NASCAR announced changes over its off season, which added stages to each NASCAR race. Every race will now have three stages, and winners of the first two stages will get 10 bonus points that add into the playoff s at the end of the season. In the last stage, drivers race to determine who the winner is, like normal. Winners of the race still get 40 points, as it was last season, and hoist the trophy in victory lane.

The changes, among several others, come to try and improve the excitement on the track, at a time where NASCAR struggles to sell out its seats in the stands. Steve O’Donnell, NASCAR’s chief of racing, told Fox Sports that these changes come from what he’s heard “loud and clear from the fans on Twitter.”

With reports of NASCAR considering reducing the noise of racecars on the track for next season, some longtime fans are beginning to turn away from the sport, frustrated with the direction it is going in its attempt to gain new viewers.

“You have lost another fan due to your changes,” said J.R. Huntley in a top-liked comment on NASCAR’s Facebook post. “Stage racing or segment racing has taken away how NASCAR was developed.”

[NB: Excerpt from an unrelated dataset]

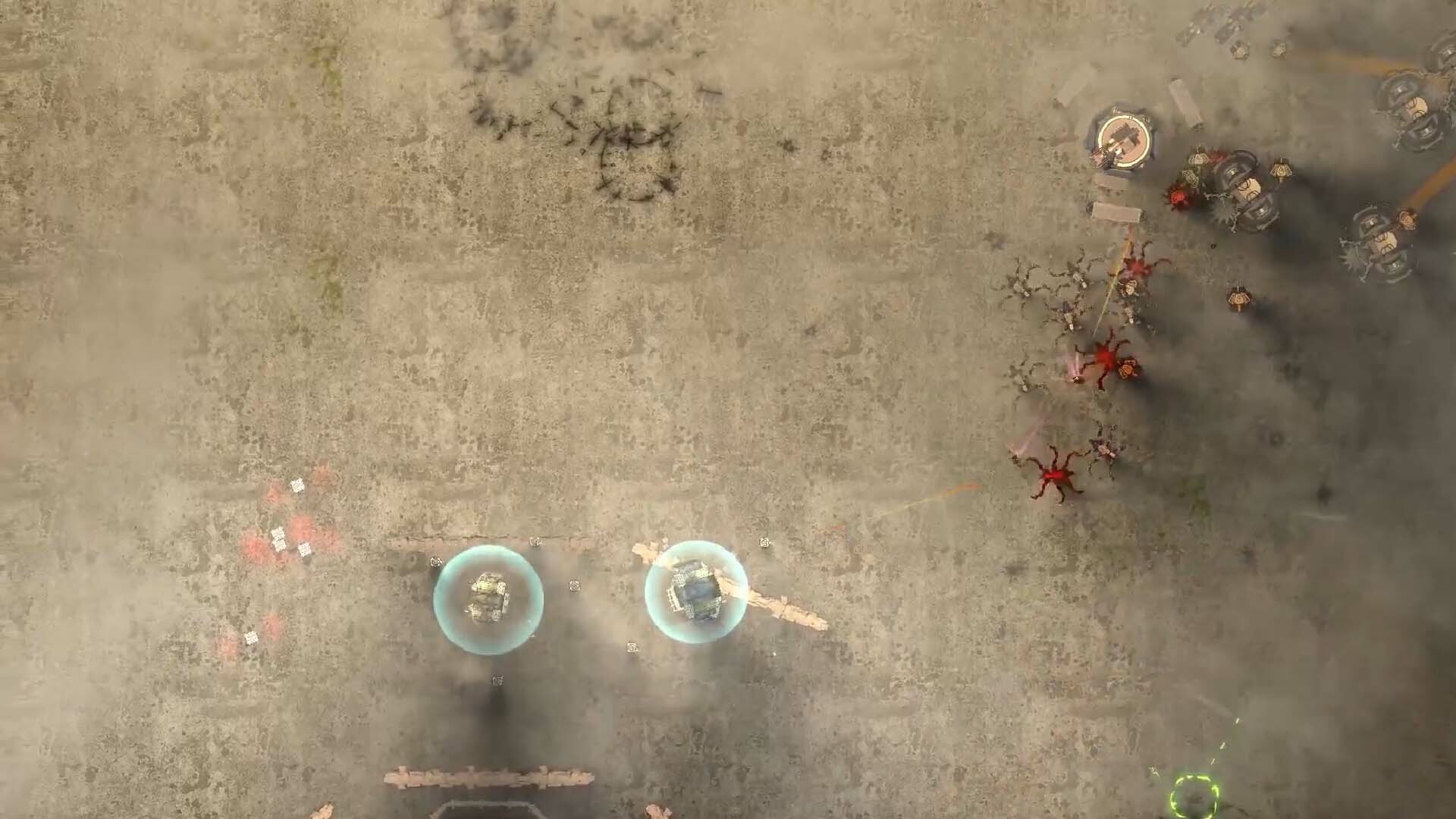 Cavalry Girls Screenshot 13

Huntley isn’t the only one who has turned his head away from the sport. In 2002, NASCAR had some of its best ratings in its history. According to Jayski, a website partnered with ESPN that has displayed NASCAR ratings since 2001, the 2002 Daytona 500 had about 35 million viewers, while last year’s Daytona 500 had just about 11.4 million viewers. This stat simply shows a downward trend that NASCAR has seen over the last few years that could be related to a number a things, but it really strongly points to one trend in particular, which is the shrinking fan base.

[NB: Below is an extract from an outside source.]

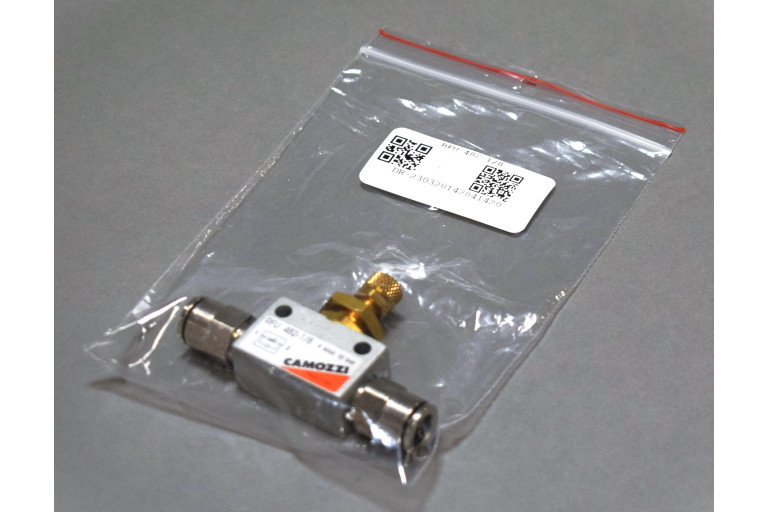 RFU 482-1/8 Used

Longtime fans have a point. If anyone were to look back to that 2002 season, it would be almost unrecognizable compared to today. There was no championship playoff or “chase,” which was added in 2004 and heavily modified after the 2013 season to essentially what it is now. There were also no stages, and points were structured much differently than they are now.

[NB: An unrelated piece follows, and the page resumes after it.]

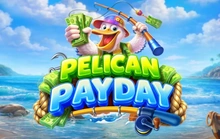 Pelican Payday - Pragmatic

NASCAR is taking a huge risk. Whether it was the economic decline, lack of promotion, or just simply fans leaving the sport in disgust, NASCAR is committed to finding a way to bring people back and find new people to get interested. Yet, there is still a guarantee that NASCAR fans like me will have a hard time watching a seemingly artificial excitement.

Watching NASCAR adding new rules each season is like watching someone trying to fi x something that isn’t broken. The best thing NASCAR can do at this point to catch back up to the NFL in views is to go back to its roots, back to when the stands were full and the racing was at its best.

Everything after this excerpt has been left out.